Malgré cette nuance, au chapitre précédent, d’autres études empiriques ont montré que certains groupes minoritaires comme les femmes et les membres d’une minorité visible (c’est- à-dire les caractéristiques démographiques qui ne sont pas liées au capital humain) sont désavantagés dans le marché du travail en ce qui a trait au salaire, à la stabilité d’emploi et à la surqualification même s’ils sont nés au Canada et ont, par ricochet, acquis tout leur capital humain localement. En ce sens, les théories institutionnalistes amènent un apport explicatif pour comprendre les désavantages subis par ces groupes dans le marché du travail. Selon ces théories, ce n’est ni leur productivité qui est inférieure, ni la faute de la circulation imparfaite de l’information, mais plutôt la résultante de la rigidité institutionnelle et d’une situation de discrimination systémique.
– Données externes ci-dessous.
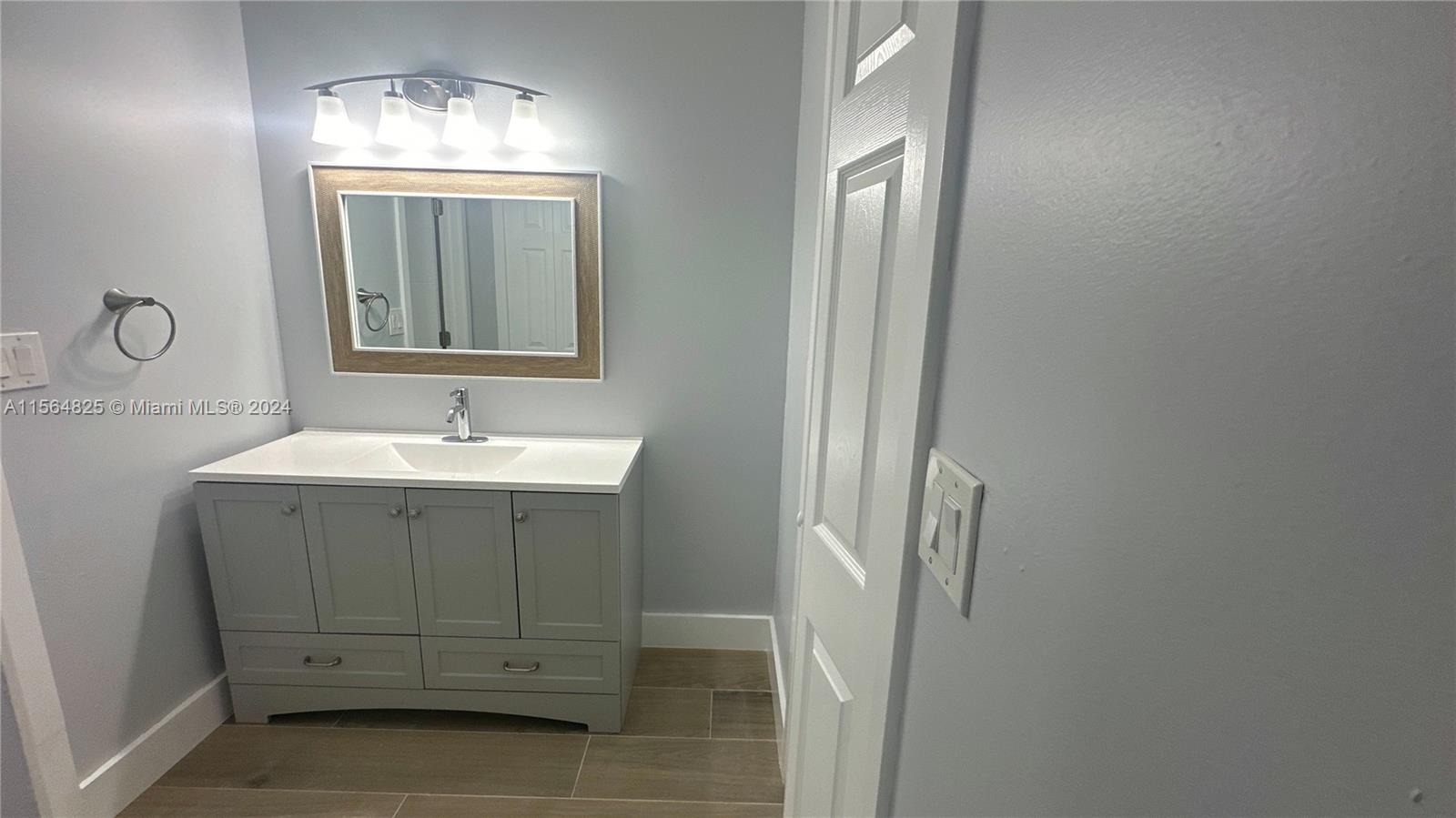 223 Lakeview Dr 204, Weston, Florida 33326, 2 Bedrooms Bedrooms, ,2 BathroomsBathrooms,Residential,For Sale,223 Lakeview Dr 204,A11564825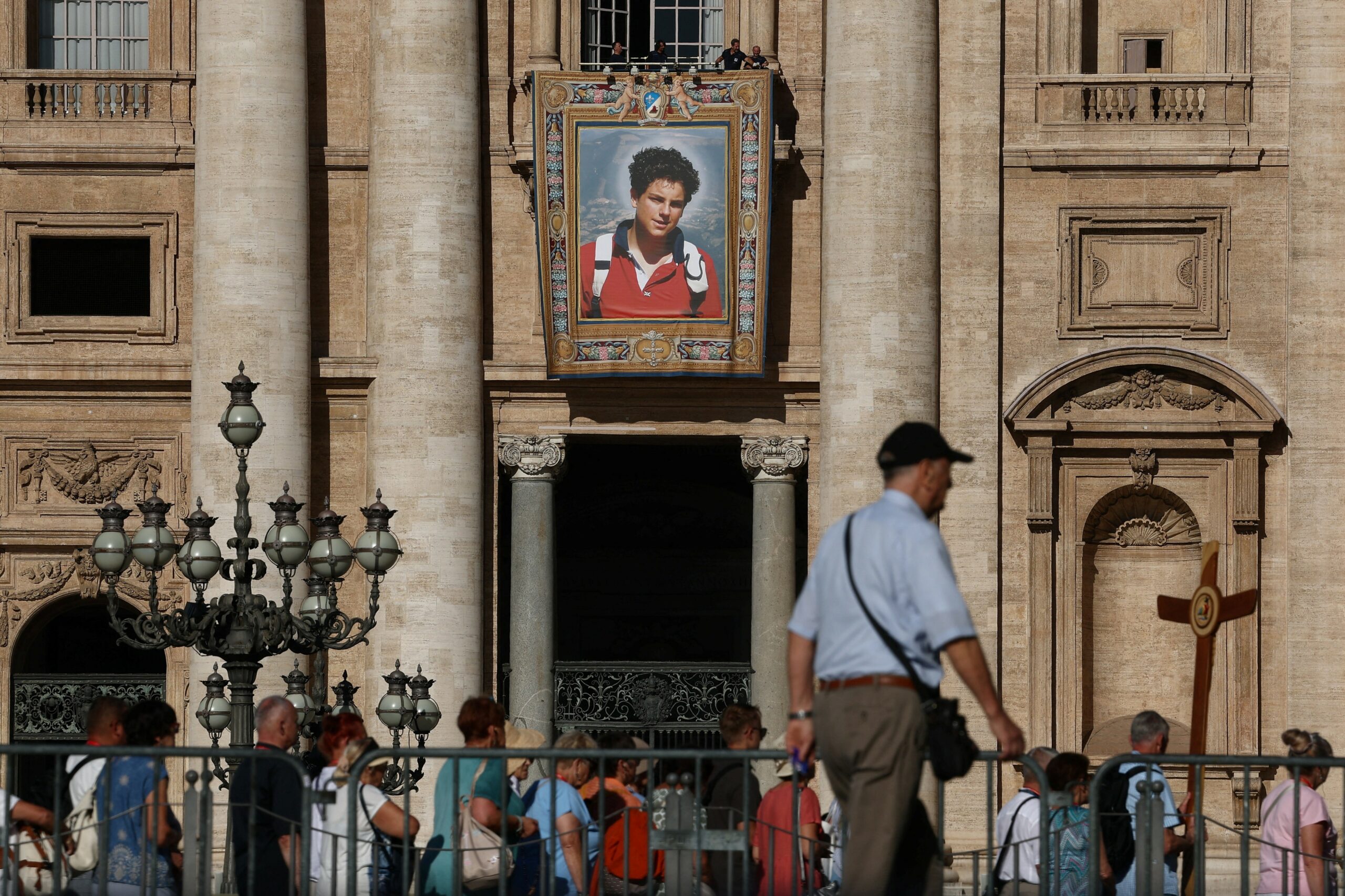 Vaticano canoniza Carlo Acutis, primeiro santo millennial e “padroeiro da internet” - Imagem do artigo original
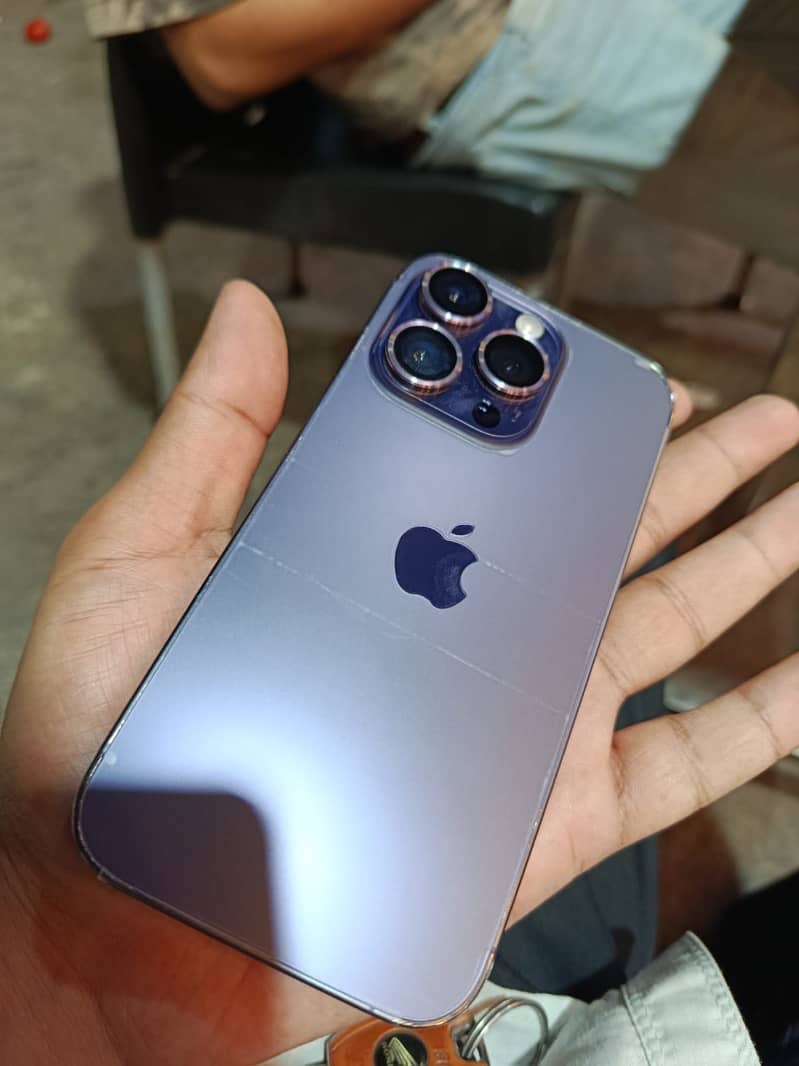 Apple iPhone 14 Pro 4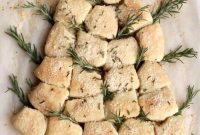 Yuletide Tree Dinner Rolls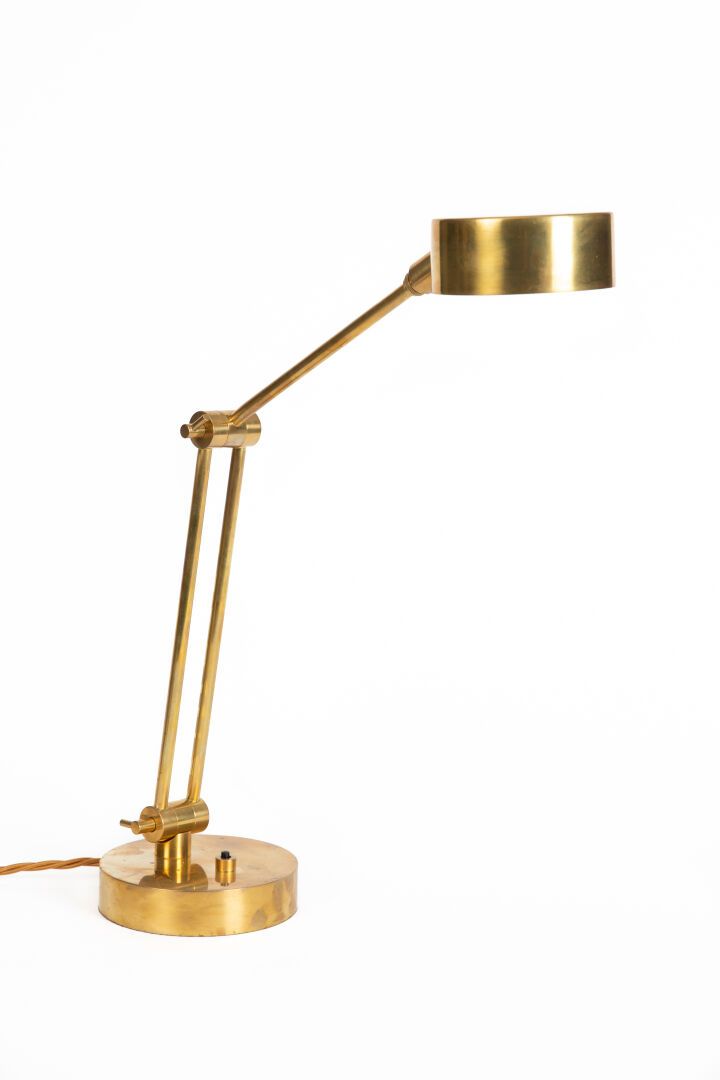 Null VAUGHAN. 

Lampe de bureau orientable, modèle "Faringdon", en laiton à défl&hellip;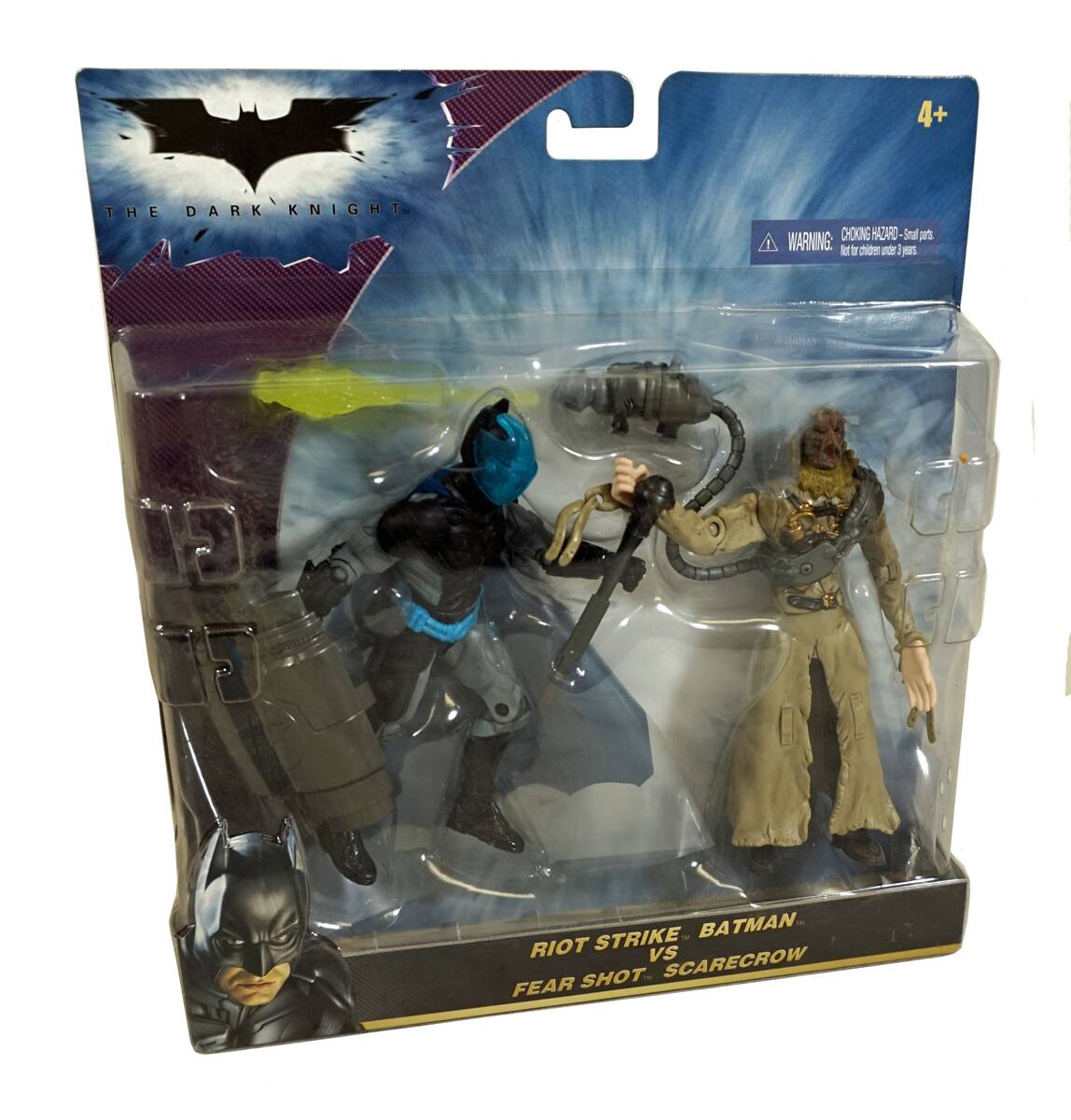 4+  
THE DARK KNIGHT  
WARNING: CHOKING HAZARD - Small parts. Not for children under 3 years.  
RIOT STRIKE BATMAN vs FEAR SHOT SCARECROW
La théorie de la segmentation du marché du travail suggère que le marché du travail primaire est moins accessible aux immigrants en raison de sa rigidité institutionnelle, ce qui accentue leur taux de chômage. Elle suggère aussi que les variations institutionnelles entre les provinces peuvent expliquer la situation plus désavantageuse des immigrants du Québec et que les

variations institutionnelles dans le temps peuvent expliquer la détérioration de la situation des immigrants par rapport aux natifs au fil du temps. Elle offre ainsi un soutien théorique aux déterminants contextuels du salaire des immigrants qui sont ressortis de la littérature au chapitre précédent. La théorie de la discrimination systémique vient soutenir le rôle des caractéristiques démographiques qui ont émergé de la littérature; les désavantages des immigrants, des femmes et des membres d’une minorité visible résulteraient de la discrimination systémique plutôt que d’une différence dans les compétences.

Pour résumer ce chapitre, le cadre théorique présenté est construit à partir de deux grandes approches : le cadre économique du capital humain et l’approche institutionnaliste. Ces deux approches théoriques ont permis d’expliquer l’effet des trois groupes de facteurs déterminants de la situation défavorable des immigrants dans le marché du travail qui sont ressortis des études empiriques. Maintenant que le cadre théorique est élaboré, il reste à établir un lien solide entre les trois problèmes d’intégration des immigrants dans le marché du travail (salaire inférieur, précarité d’emploi et surqualification) et le concept de qualité d’emploi qui représente la variable dépendante de notre recherche.